Publication: Photo District News
Date: Thursday, May 4 2006
How is it that Denmark, a country with a population roughly the size of Wisconsin, has in the past decade produced so many internationally acclaimed, visually sophisticated photojournalists? Per Folkver, picture editor in chief of the award-winning Copenhagen daily, Politiken (one of the PDN Players profiled in this year's Photo Annual) discusses the strengths of the Danish photo community. He also talks about his own newspaper and its support for excellent photojournalism.



What is this Danish photography stuff, people ask me. I think there are four reasons for [its success].

First, some 12 or 14 years ago, the Danish School of Journalism added a line for photojournalism. It's not a photo school, it's a journalism school. What happens in journalism school is that photographers learn to think, and I've never heard of a photographer being worse for learning to think. And of course, they learn how to be journalists.

A second reason is that Denmark is the same size as Hamburg (Germany), about 5.3 million people, and the photography environment is small. In France, Italy, the US, photographers are very competitive. Six of them will go to a paper, all with the same idea. In Denmark we haven't allowed competition to ruin the discussion: We help each other, sharing knowledge, sharing ideas. Fifteen years ago the press photographer association created a conference that would bring the best photographers from outside the country; Salgado has come to talk, Eugene Richards, Paolo Pellegrin is coming to talk.

The will for discussion about photography is very strong in Denmark. If we don't talk about photography, we don't learn. We need to discuss the language of photography. We know there are very few inventive photographers working in the world. We are all standing on the shoulders of Cartier-Bresson, Frank, Koudelka, Davidson, Nan Goldin, but how do we go further?

We know that it is very hard to ask a simple question with photography, but there is a movement now to strip away the levels, to be simple. We are realizing that the slowness of photography is [why it will] survive. We're not breaking news; if you want that, turn on CNN. We have the opportunity to say, maybe we should look further, to look behind this matter, because TV won't do that. That's what will happen when we realize we still need photography. Look at the pictures from after the tsunami. The breaking news is gone forever, but the photos that were taken after it are very important. And they are slow, and they are silent.

The third reason for [the strength of] Danish photography is that it was published. That sounds so banal but it's very important, because you don't know if your work is good or bad or if it communicates until it is published. As a photographer for Politiken you will often see your picture in 8 columns, half a page. That's not uncommon.

The fourth reason is that talent creates more talent. When Bjorn Borg had won five championships in tennis, 100 Swedes began to play tennis.
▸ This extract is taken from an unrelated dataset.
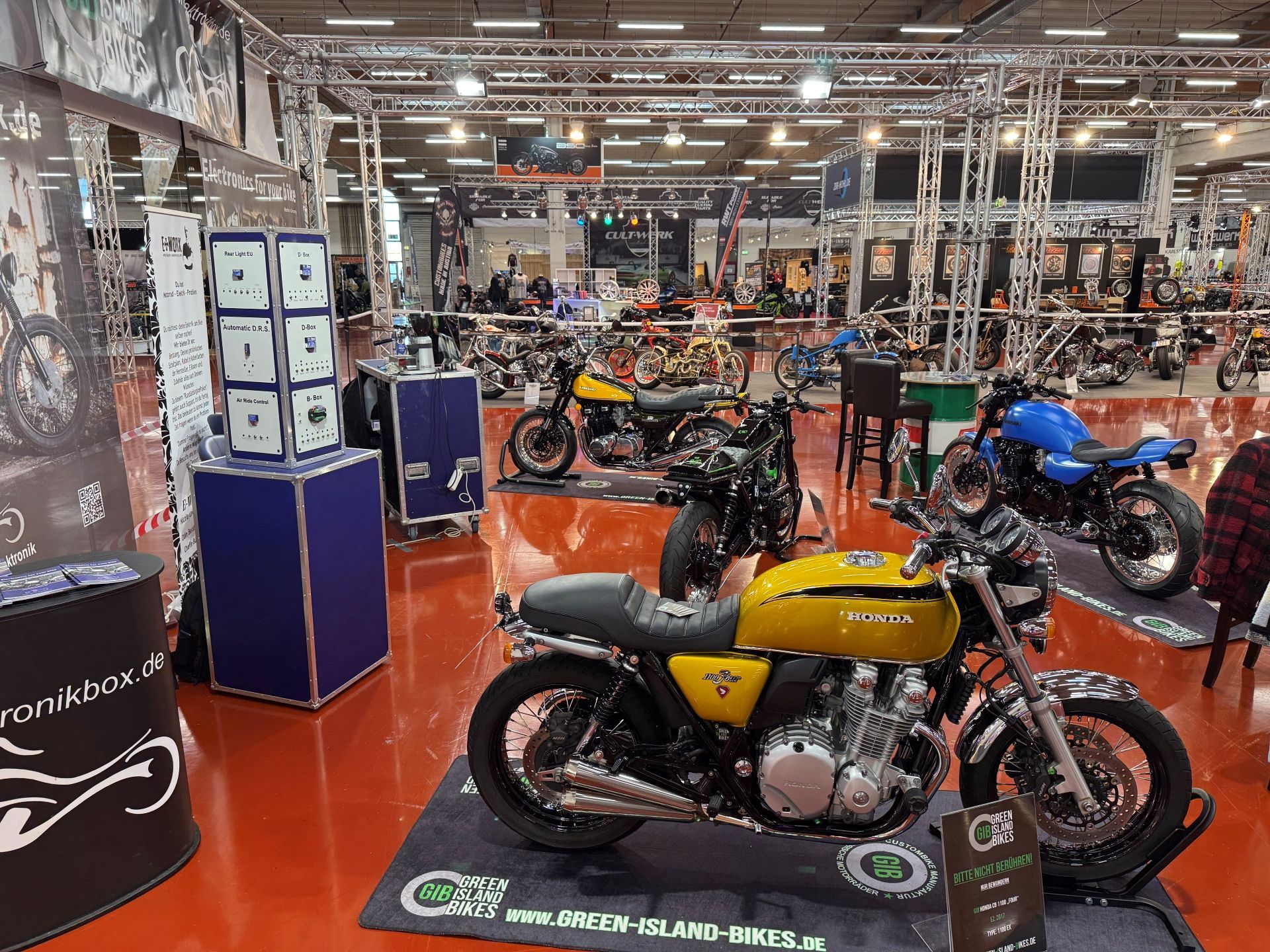 Individuell gestalteter Messestand von Green Island Bikes mit Motorrad-Unikaten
Why? They saw that it could be done.

Instead of everyone being jealous because you are winning awards, in Denmark, we are happy that you are winning because when it's good for you. it's good for me.

I don't like this term "stars" when speaking of photographers. The staff photographers of Politiken are very highly respected but they do every assignment, the good and the bad. It could be: Take a picture of a flower or, for the Sat. edition, could you do the 10 best knives. When I came to Politiken,, some earlier staff photographers had [been internationally recognized] and the rest thought they should try to be like them or do like them because they were the stars. I worked to have them understand that the difference between them isn't a minus, it's a plus.
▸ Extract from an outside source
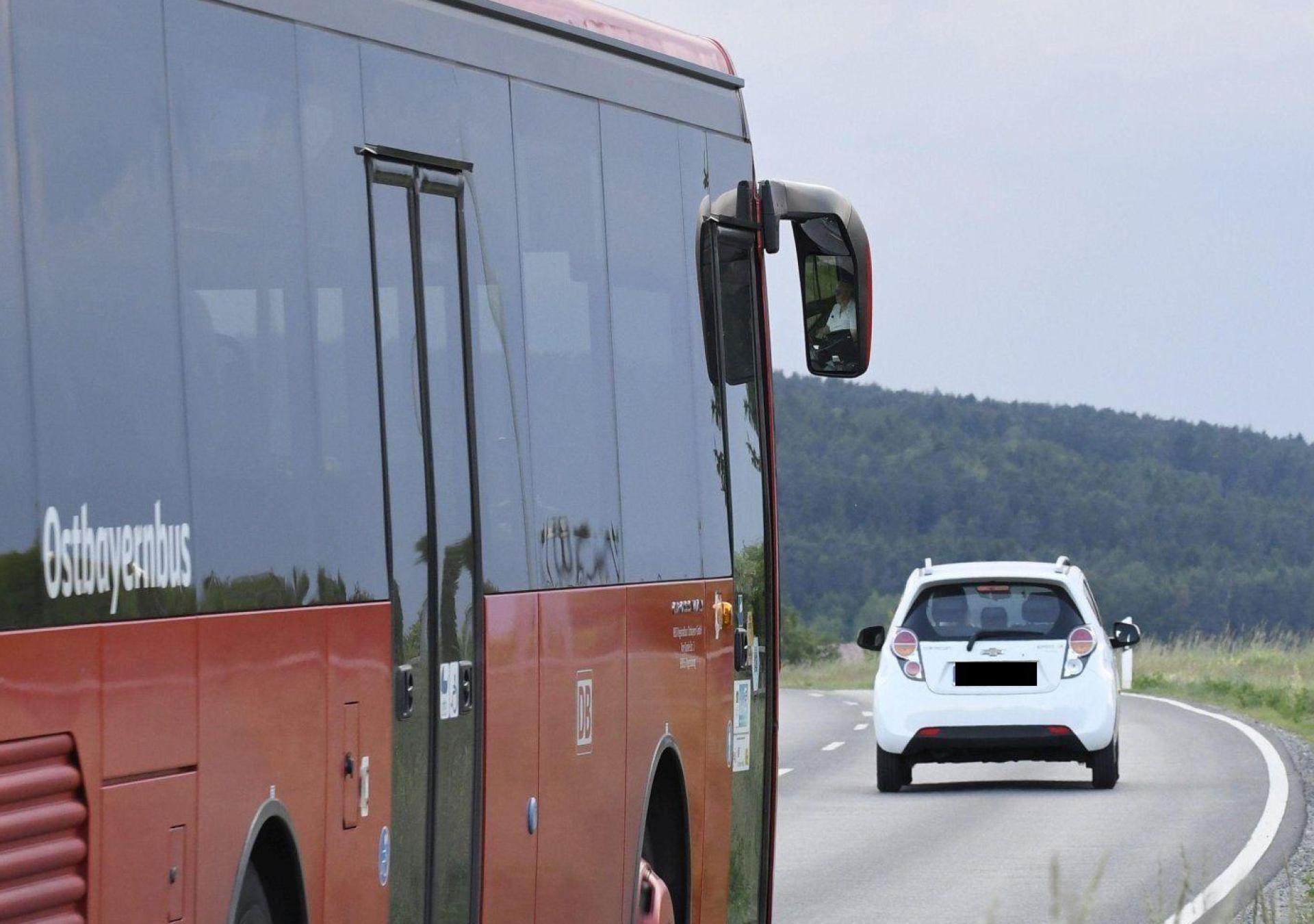 Die Sperrung der AS 5 in Vilseck führt ab Montag, 4. August, zu Änderungen im Busverkehr. (Archivbild: Petra Hartl)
The people in my editorial room, they will listen to the picture editors because they know we are listening to them. It's not a war. [In] the photo department? we have strong ideas and strong beliefs, but a newspaper is a collective piece of work, no one is doing this alone. I see the newspaper as one big picture, so sometimes I'm the guy who's saying, "This picture is too big." The editors will say, "Wait, you are saying a photo is too big?" I say, "Yes, what I see is that you suddenly lost an article so you are running the photo 7 columns instead of 6. But it's not that great a picture." We cannot look at the photos separate from the paper [as a whole.]
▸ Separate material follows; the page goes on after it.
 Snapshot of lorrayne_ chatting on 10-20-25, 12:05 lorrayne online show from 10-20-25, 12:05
Recently we had a discussion with the editor about the front page. Because it's a broadsheet, it's folded. You will have a big picture, 6 or 7 columns, and above the fold you will see half a face or something. The editor gave everyone ten minutes to say what they thought. Afterwards I went to him and said: "Look, we've talked about this before, but we'll never know if it works to move the photo unless we create a situation in which we move it five days in a row. Can we make it a rule that we move it five days in a row because we have to?" And he said ok. You have to ritualize it.

My job is to make the [word] editors understand that this language [of photography] is important. It's a daily challenge. My work at Politiken starts at 9:00, and it's a daily lecture. That's ok, I don't get tired of repeating. I know it makes a difference.